Digital books learned early enough that the price of an eBook shouldn’t be the same as a print version, not by a great measure, and readers appreciate this. The fact that a lot of comics are still priced the same seems unreasonable to some. And whilst others are happy to pay full whack, making massive savings on manufacture and distribution and not passing on even a portion of the savings onto your fans still seems counterintuitive at first.

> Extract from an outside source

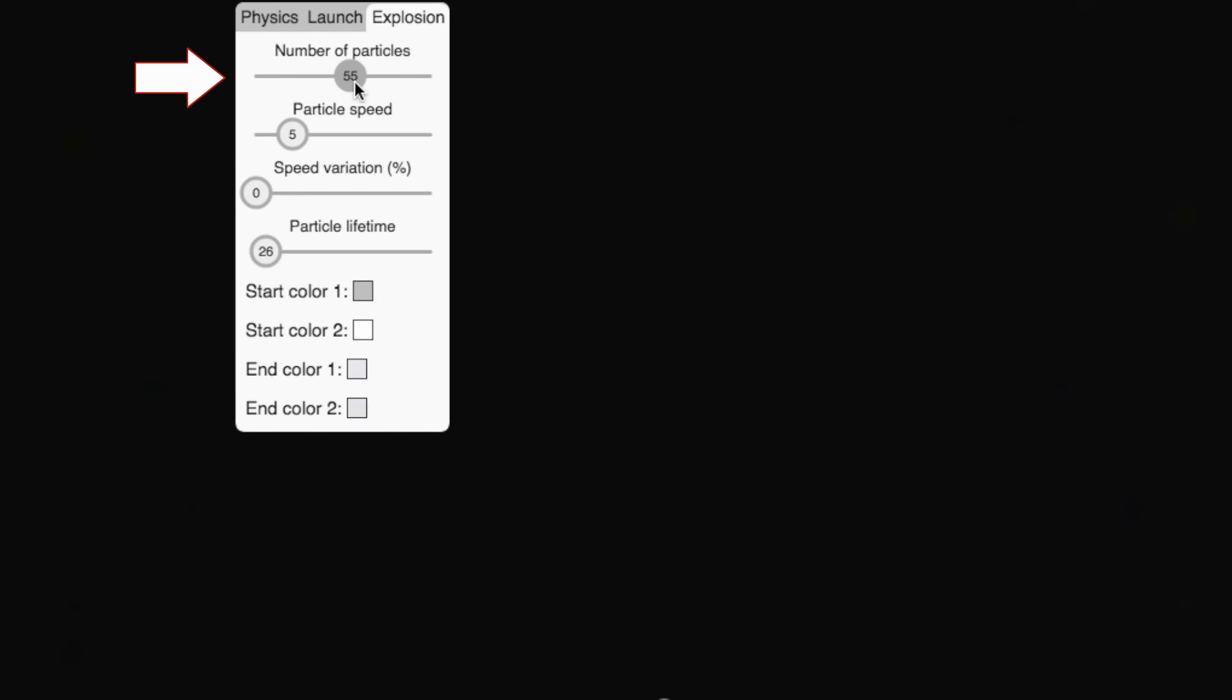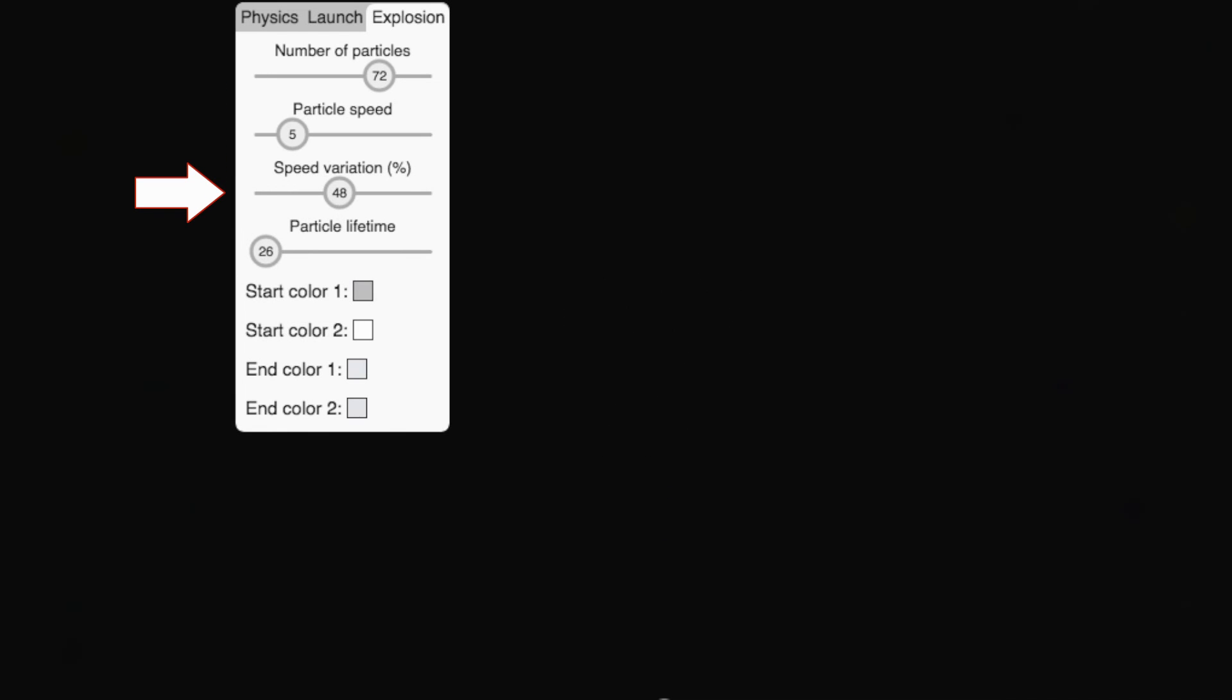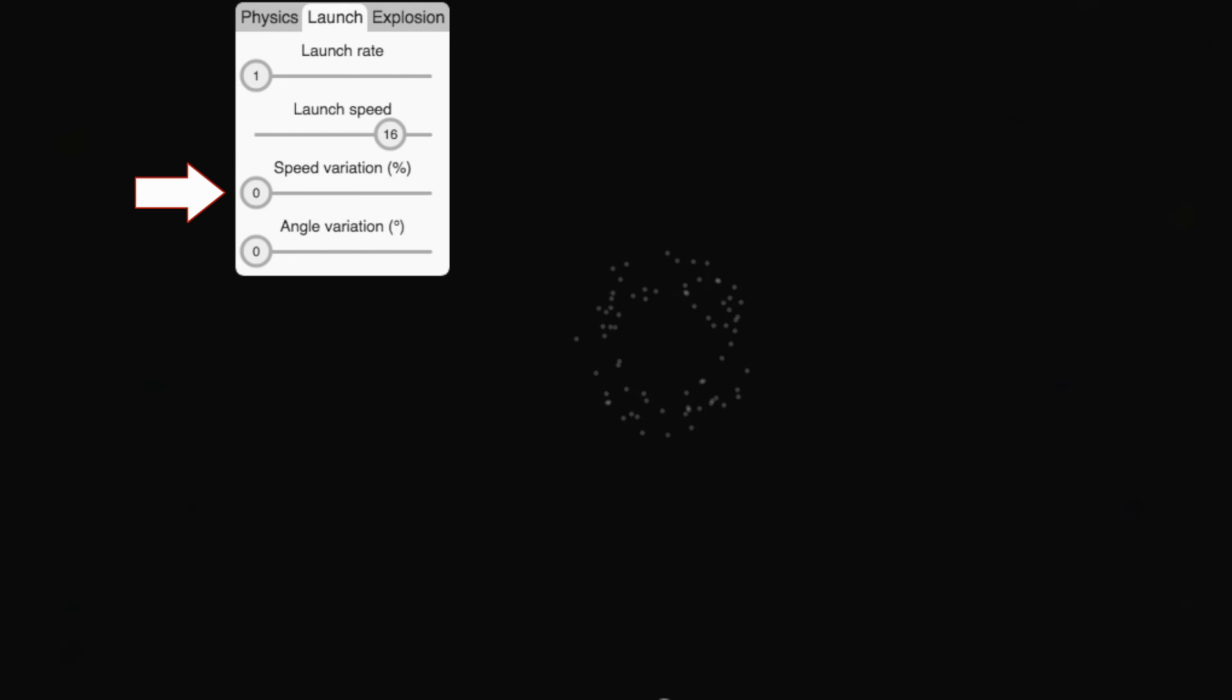To create something more believable, let's add some randomness. For instance, let's add some random variation to the speed of the child particles. That's better. Let's also add some variation to the angle at which the initial particles get launched.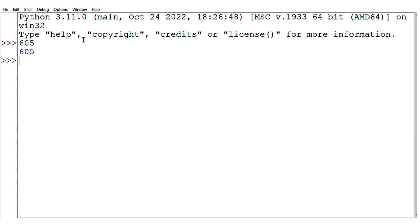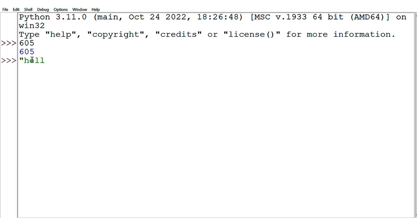Then press enter and the result will come out. 605 is the output. Now we are going to write a string, so first we have to use the double quotes and then write hello, and then close the quotations and press enter. This is the output.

But let’s take it out of context for a moment, because homogenization of price is something that gamers had to deal with long before book aficionados, as digital distribution in this arena has been around for well over a decade now. In the beginning companies introduced direct to drive services, and then digital distribution services like Steam arrived on the scene and there was no looking back. Originally gamers were less than pleased about the idea of paying full price for something with no box/manual/CD/map/trinket, especially when you consider the amount of cost reduced by avoiding bricks-and-mortar. However they soon got over it, and continue to accept the requirement to pay full price, because what you are paying for is the game, not the medium. It’s important to realize that the more money in the hands of the developer, the better the games they can make. Win-win. (Well, win-loose-win because the middleman dies a death, but that is a whole different discussion.)
So, maybe comics will never drop in price, and small studios can afford to grow. eBooks prices may even begin to come up, however, it is very market driven and 2.99 is still a very popular sale point.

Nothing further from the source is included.